Provided information =

* * *

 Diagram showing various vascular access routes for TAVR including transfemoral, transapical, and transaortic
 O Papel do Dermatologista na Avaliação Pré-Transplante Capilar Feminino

* * *

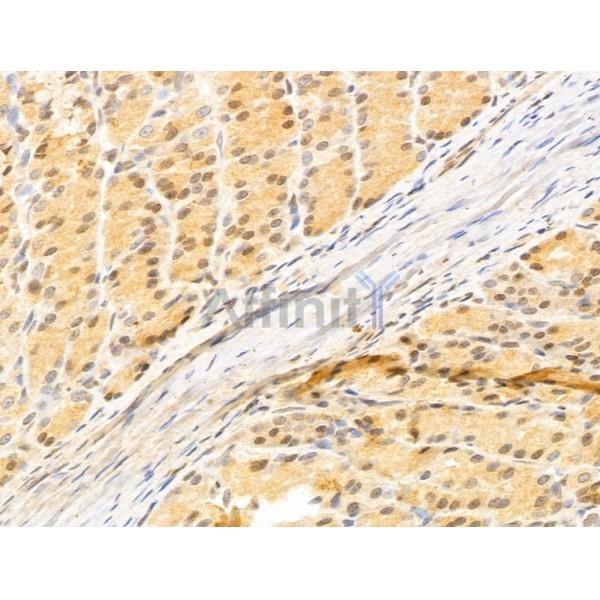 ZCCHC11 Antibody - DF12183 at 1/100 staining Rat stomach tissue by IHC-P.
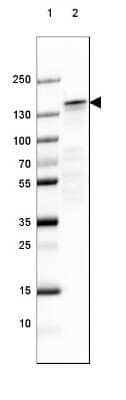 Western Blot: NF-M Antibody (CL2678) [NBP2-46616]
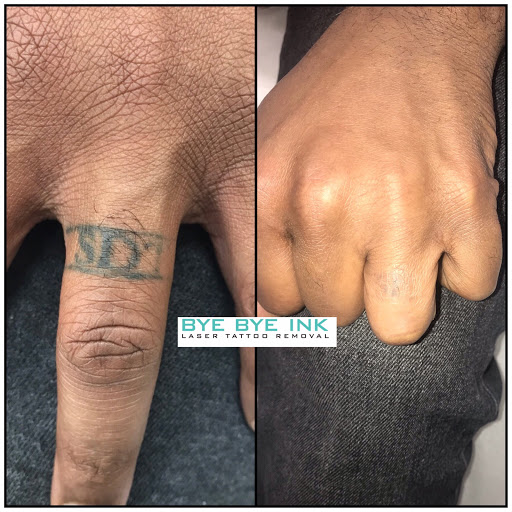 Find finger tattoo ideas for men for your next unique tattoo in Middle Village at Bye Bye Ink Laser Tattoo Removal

* * *

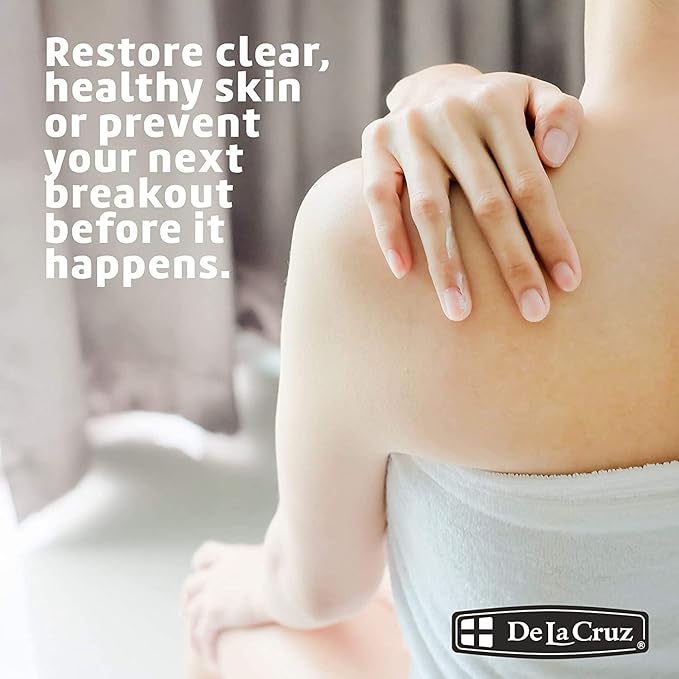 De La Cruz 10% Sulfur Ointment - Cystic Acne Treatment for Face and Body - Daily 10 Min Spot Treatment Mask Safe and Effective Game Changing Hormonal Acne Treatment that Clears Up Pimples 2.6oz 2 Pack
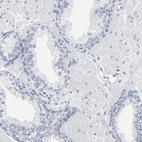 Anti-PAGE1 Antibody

* * *

Instructions for the task = Nothing but the lines from the one with "De La Cruz 10%" to the one with "Anti-PAGE1 Antibody" above, both included, should be transcribed, exactly and without pictures.

Answer below =
 De La Cruz 10% Sulfur Ointment - Cystic Acne Treatment for Face and Body - Daily 10 Min Spot Treatment Mask Safe and Effective Game Changing Hormonal Acne Treatment that Clears Up Pimples 2.6oz 2 Pack
 Anti-PAGE1 Antibody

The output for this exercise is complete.